The Angel Brothers’ safety manager allegedly told Foreman Salvador Vidal to use a trench box for workers. Instead, according to the allegations, Vidal sent one employee down into the trench with no protection, which was observed by an OSHA compliance officer who cited the company.

“Foreman Vidal cannot plead ignorance of the trench box requirement,” U.S. Circuit Judge Gregg J. Costa wrote for the majority. “Just a day before the citation was issued, a company safety manager instructed Vidal to install a trench box to ensure the crew’s safety. It is hard to find better evidence of willfulness than that.”

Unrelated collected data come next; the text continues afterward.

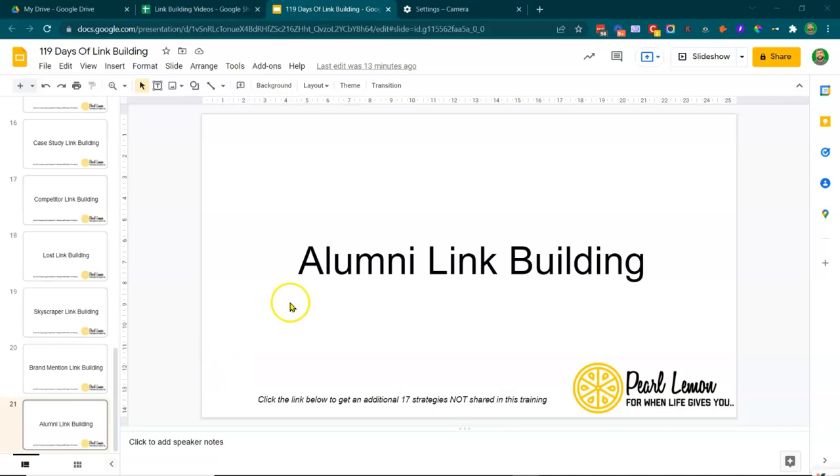Hey guys, welcome to day number 20 of 119 days of link building. And today we're going to be talking about alumni link building.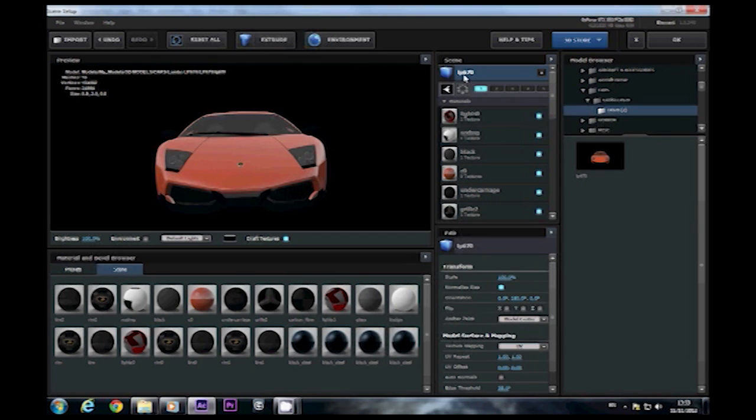So there we are. That was just a quick tutorial on how to import and texture models in Element 3D. Thanks for watching, there'll be more soon.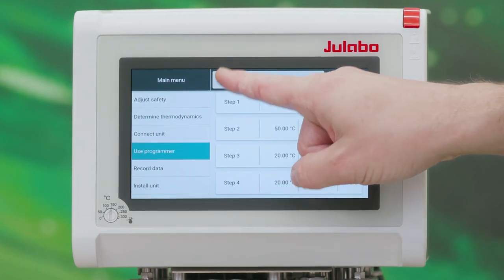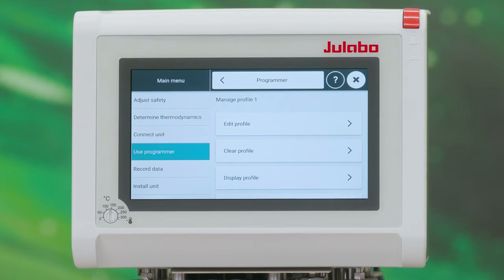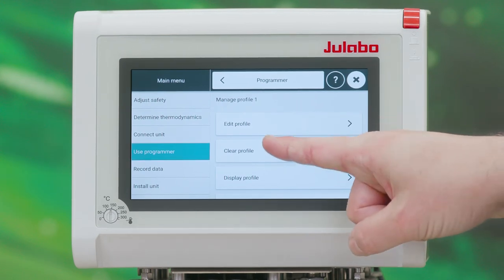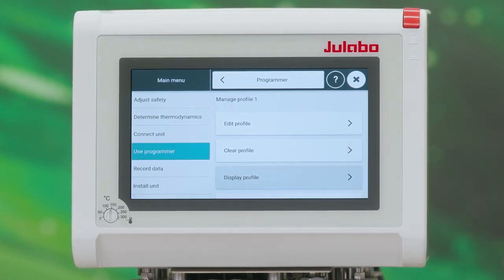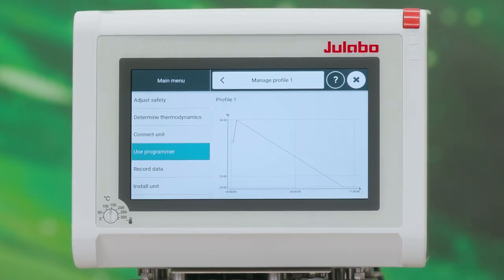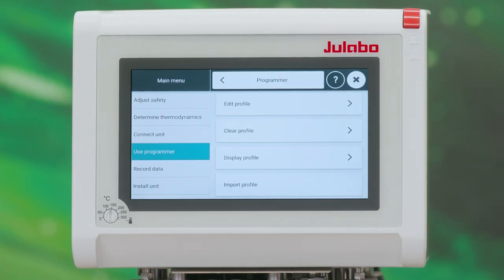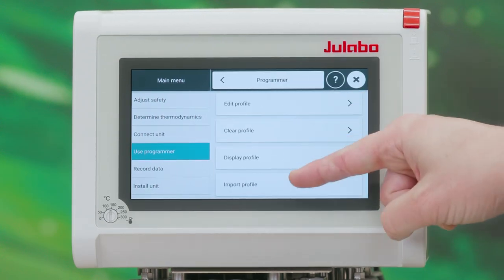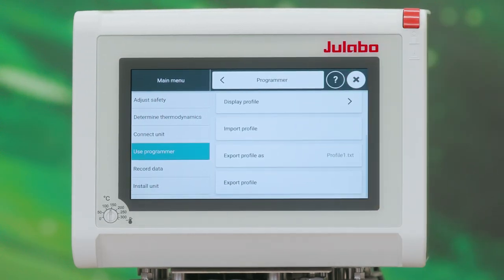Now you have different options to manage this profile. Naturally you can clear the profile. You can display the complete profile as a graph. And you can import or export a profile onto a USB stick.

On appeal, the company did not challenge the finding that an OSHA violation occurred when Vidal sent a crew member to work in the trench without the necessary cave-in protection. Instead, Angel Brothers claimed that it has no liability for Vidal’s actions because such conduct cannot be imputed to the business enterprise.

U.S. Circuit Judge Edith H. Jones authored a dissenting opinion that focused on the company’s “history of exemplary compliance with safety regulations” as a reason for reversing the commission’s decision.

The review commission is required to consider the company’s affirmative defense that Vidal’s conduct was unpreventable employee misconduct for which the company may not be held liable. In turn, the company has the burden to prove that it has a history of effectively enforcing safety rules after discovering violations on its worksites.

Court documents show that, for five years, Angel Brothers performed more than 1,000 similar trench projects each year and only recorded the occurrence of two violations that resulted in employee discipline. Judge Jones said that the record contained “considerable evidence” of the company’s compliance with OSHA standards, but this information had little effect on the commission’s decision. “The commission admitted its decision on this factor was a close call,” she wrote. “I would say it was close to a deranged call.”

Judge Costa rebuffed Judge Jones, arguing that the commission could not conclude that “the lack of discipline means the company had a perfect safety record.” He cited testimony from Angel Brothers’ employees that referred to frequent job site safety violations as “contradicting” “” any finding that Angel Brothers had an impeccable safety record.